If you're in the midst of a transition from film to digital imaging, you'll soon discover that your trusty 24mm wide-angle isn't very wide on your D-SLR. In fact, that all-encompassing 24mm now acts like a 36mm normal lens! This, you're finding out, is due to your image sensor's smaller size in comparison to 35mm. While this effect offers increased telephoto reach on the long end, it causes trouble for users of wide-angle lenses.
Tamron offers a handy solution for digital wide-angle work with its SP AF 17-35mm ƒ/2.8-4 Di LD Aspherical (IF).
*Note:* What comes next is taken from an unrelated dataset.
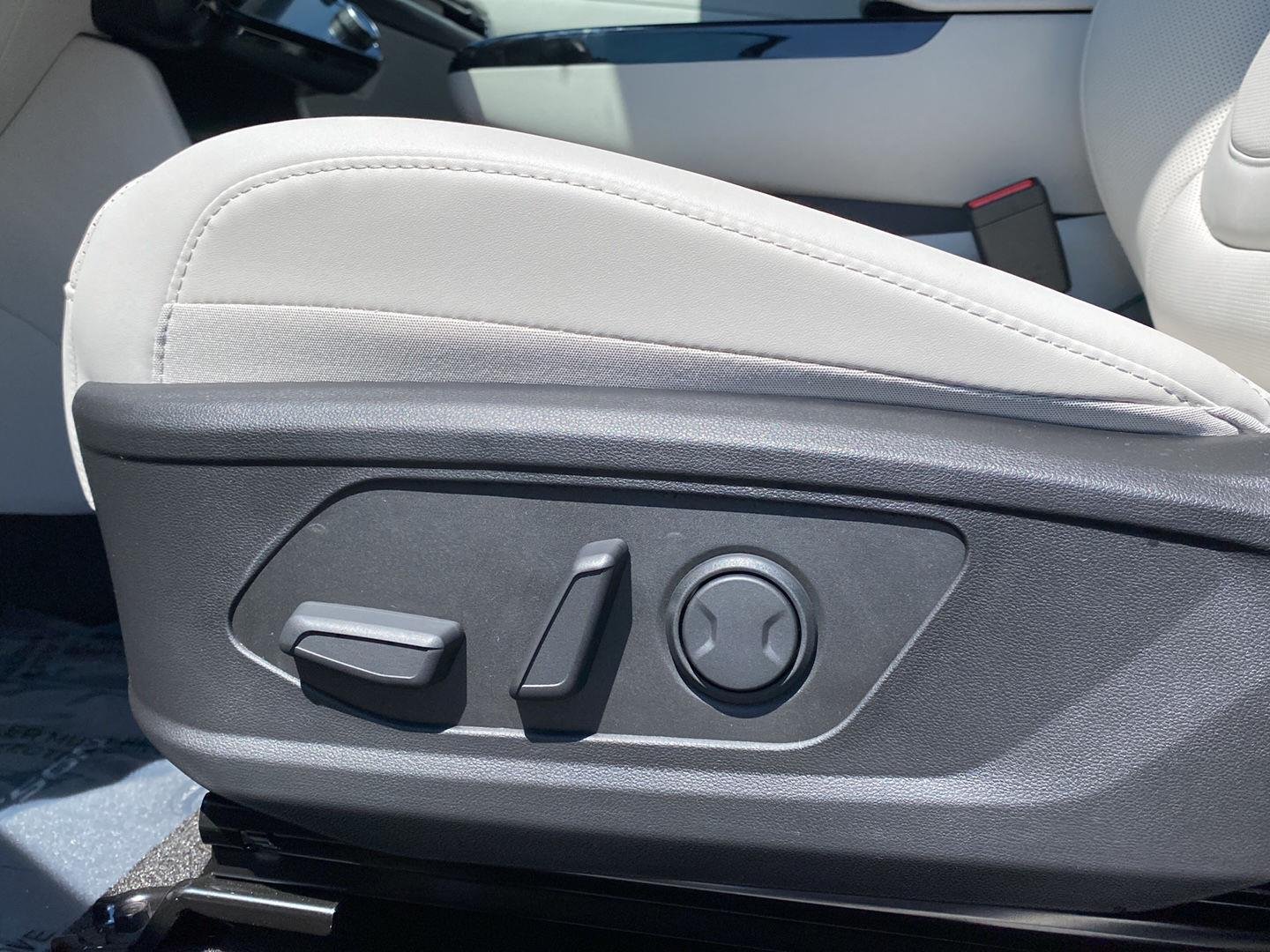 New 2026 Amazon Gray Hyundai SEL Convenience image 12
Designed with the digital photographer in mind, the lens has a 35mm-equivalent focal length of about 26-53mm. (The exact figure depends on the size of your particular camera's image sensor.) It nicely covers the range your short lenses used to give you with film.
Working with the lens on a Nikon D100 in Yosemite Valley, Calif., the shorter focal lengths gave me a wide enough field to cover the vast expanse after a clearing storm. With a twist of the zoom ring and a flip of my tripod's pan-tilt head, I was able to execute a number of compositions quickly under changing conditions. Stopping down the lens provided good image quality along with the depth of field I needed.
The optic covers the full 35mm frame, so film shooters have a 17mm ultra-wide at their disposal. With the lens mounted, the view through a film camera's eyepiece is like sitting in a Cinemascope movie, especially at 20mm and wider. The angle of view exceeds 100 degrees, offering much potential for landscape work. (You might want to double-check that you didn't include your tripod in the bottom of your shot!)
My test lens worked perfectly with both my digital and film Nikon bodies. The zoom and manual-focus rings operated smoothly. Tamron makes the SP AF 17-35mm ƒ/2.8-4 Di in mounts for Canon, Konica Minolta, Nikon and Pentax. List Price: $817.95.